Set pool_size to the expected peak concurrent SPARQL queries that touch this R2RML source. Each concurrent SPARQL query that references the source uses one connection for the duration of the SQL sub-query. Monitor indentiadb_federation_pool_active and indentiadb_federation_pool_idle Prometheus metrics to right-size the pool.


Authentication

Environment Variable Substitution

Connection strings support ${VAR} environment variable substitution:

[[federation.sources]]
name     = "pg_secure"
type     = "r2rml"
mapping  = "config/mapping.ttl"
database = "postgresql://${PG_USER}:${PG_PASSWORD}@${PG_HOST}:5432/${PG_DATABASE}?sslmode=verify-full"

Set the variables at runtime:

export PG_USER=indentiadb
export PG_PASSWORD=secret
export PG_HOST=pg.internal
export PG_DATABASE=production

indentiagraph serve --config config.toml

Kubernetes Secrets

In Kubernetes, mount secrets as environment variables:

env:
  - name: PG_PASSWORD
    valueFrom:
      secretKeyRef:
        name: indentiadb-federation
        key: pg-password
  - name: MYSQL_PASSWORD
    valueFrom:
      secretKeyRef:
        name: indentiadb-federation
        key: mysql-password

Never Hardcode Passwords

Never put database passwords directly in config.toml or R2RML mapping files. Always use environment variable substitution (${VAR}) or a secrets manager.

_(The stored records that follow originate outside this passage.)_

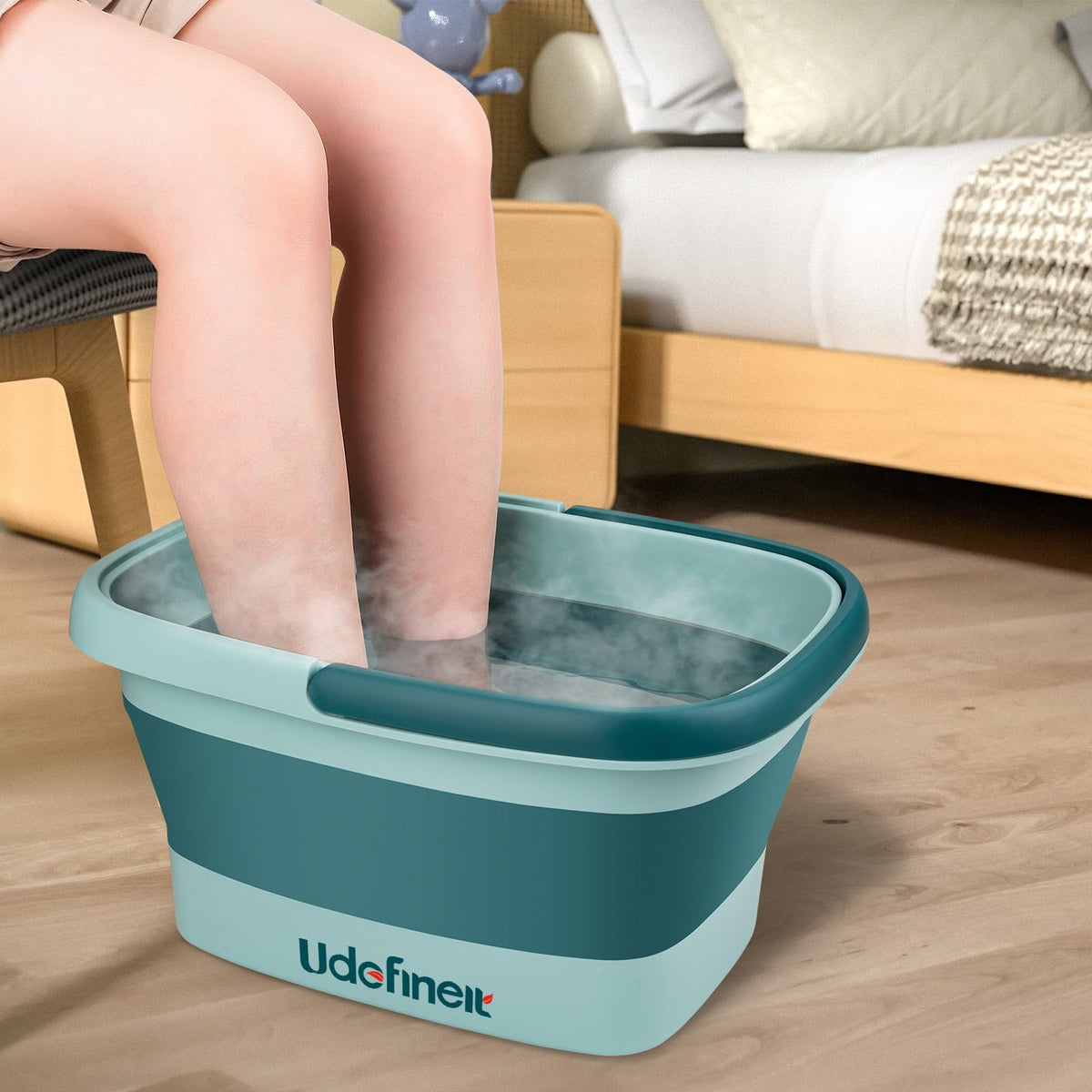 Udefineit Foldable Foot Bath Basin, Portable 15L Massage Tub For Home Spa - Green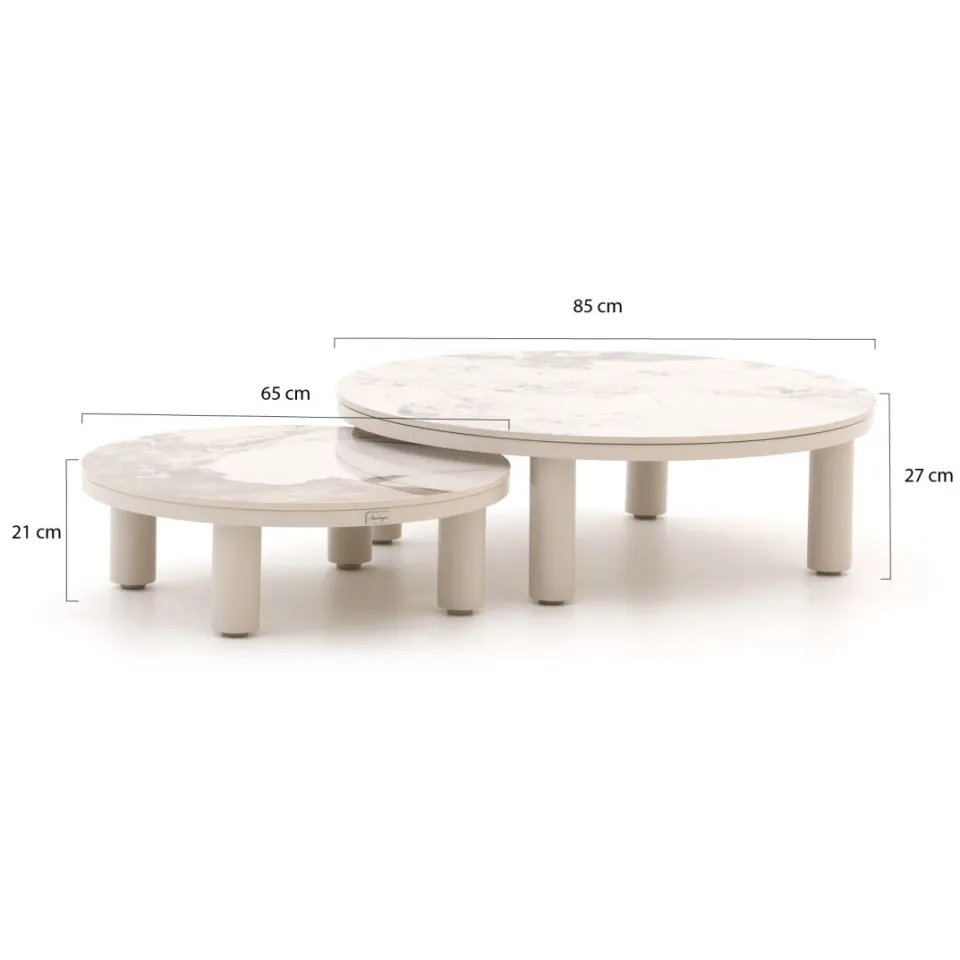 Bellagio tuinmeubelen Bellagio Sarsina lounge tuintafelset ø85cm(h:27cm)/ø65cm (h:21cm) taupe, foto 2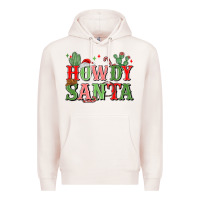 Pale Pink howdy santa Premium Hoodie - MaliasSmallBusiness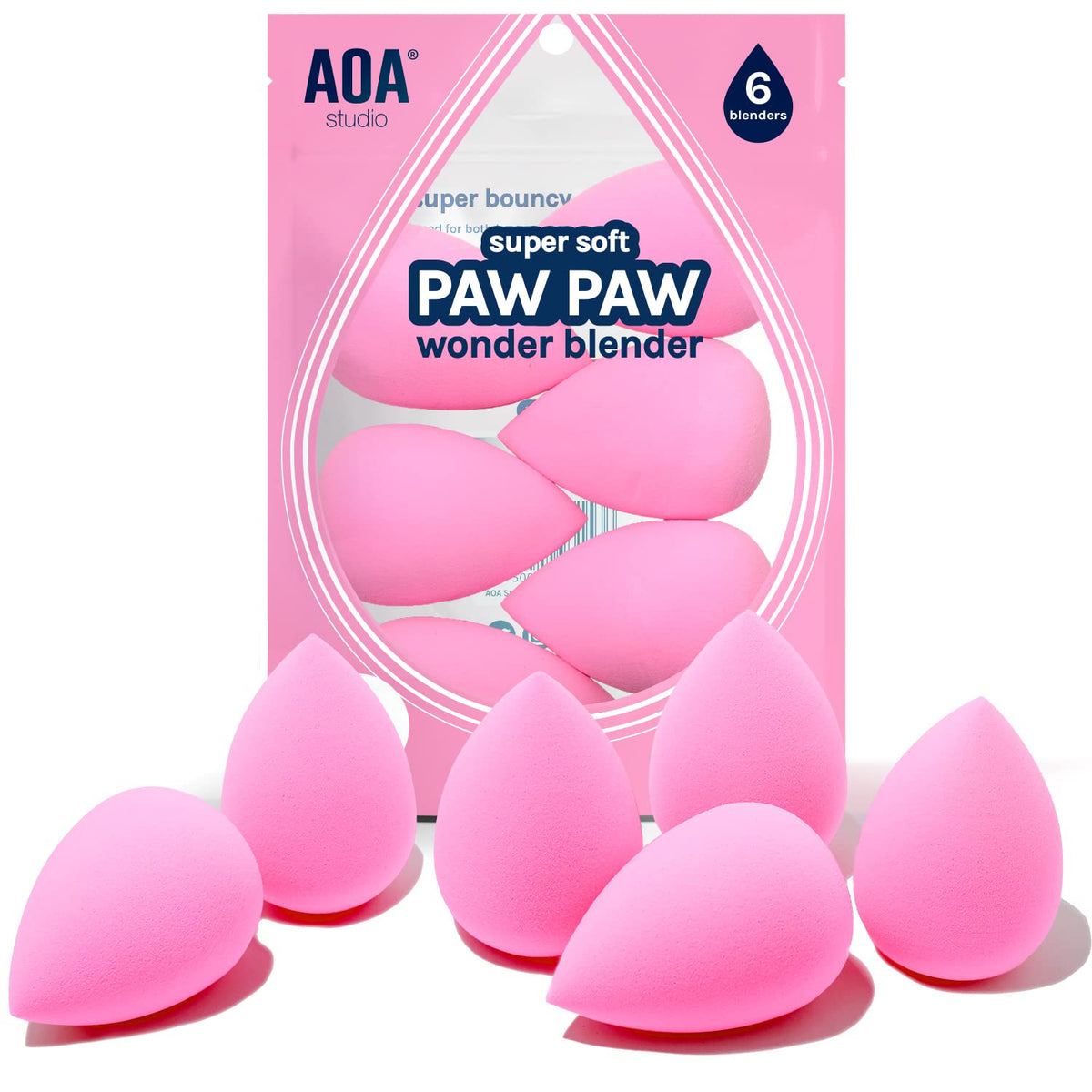 Aoa Studio Collection Makeup Sponge Set - Latex Free, 6 High-Definition Blenders, Soft For All Formulas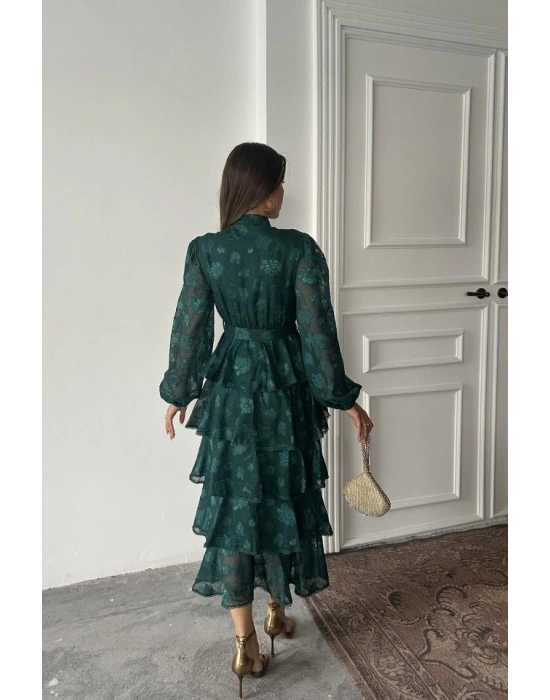 Zümrüt Valonlu Şeritli Kat Kat Elbise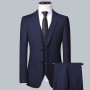 High-quality solid color (suit + vest + trousers) Men's business formal suit 3/2 business suit bridegroom and best man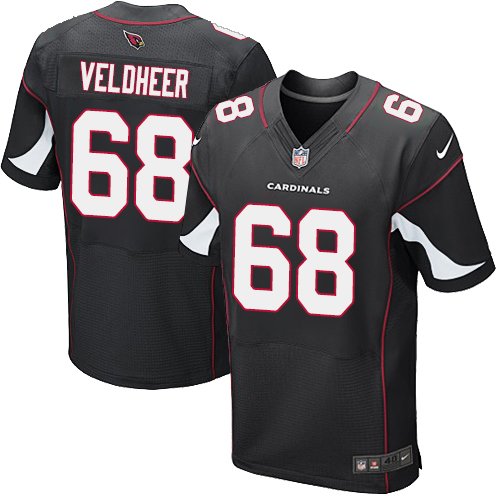 Men's Elite Jared Veldheer Nike Jersey Black Alternate - #68 NFL Arizona Cardinals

Monitoring and Troubleshooting

Prometheus Metrics

IndentiaDB exposes federation-specific metrics on the /metrics endpoint:

Metric Type Description
indentiadb_federation_queries_total Counter Total SQL queries sent to each R2RML source
indentiadb_federation_query_duration_seconds Histogram SQL query execution time per source
indentiadb_federation_errors_total Counter SQL query errors per source
indentiadb_federation_pool_active Gauge Active connections per source
indentiadb_federation_pool_idle Gauge Idle connections per source
indentiadb_federation_rows_returned Counter Total rows returned from SQL sources

Debug Logging

Enable SQL query logging to see the generated SQL:

[logging]
level = "debug"

Or set the environment variable:

LOG_LEVEL=debug indentiagraph serve

With debug logging enabled, each SQL federation query produces a log entry:

{
  "level": "DEBUG",
  "message": "R2RML SQL query",
  "source": "pg_erp",
  "sql": "SELECT p.name, p.price FROM products p WHERE p.price < $1 ORDER BY p.price LIMIT $2",
  "params": [100.00, 25],
  "duration_ms": 12,
  "rows": 25
}

Common Errors

Error Cause Fix
connection refused Database unreachable Check hostname, port, and firewall rules
authentication failed Wrong credentials Verify ${VAR} environment variables are set
SSL/TLS handshake failed Certificate mismatch Check sslrootcert path and CA certificate validity
pool timeout All connections busy Increase pool_size or optimize slow queries
query timeout SQL query too slow Add database indexes, increase query_timeout, or add SPARQL LIMIT
relation does not exist Table not found Verify rr:tableName matches the actual table name (case-sensitive on PostgreSQL)

Limitations

  • Read-only: R2RML virtual graphs support SPARQL SELECT, CONSTRUCT, ASK, and DESCRIBE only. INSERT DATA and DELETE DATA against R2RML sources are not supported.
  • No materialization: Triples are generated on the fly at query time. There is no option to cache or materialize the virtual graph.
  • No full-text search pushdown: SPARQL full-text search predicates (e.g., bds:search) are not pushed to the SQL database. Use SQL LIKE via FILTER(CONTAINS(...)) instead.
  • No vector search pushdown: SPARQL vector search extensions are evaluated locally, not pushed to pgvector or similar SQL extensions.
  • Single-statement queries: Each R2RML source produces one SQL statement per SPARQL sub-query. Complex SPARQL patterns may result in multiple SQL round-trips.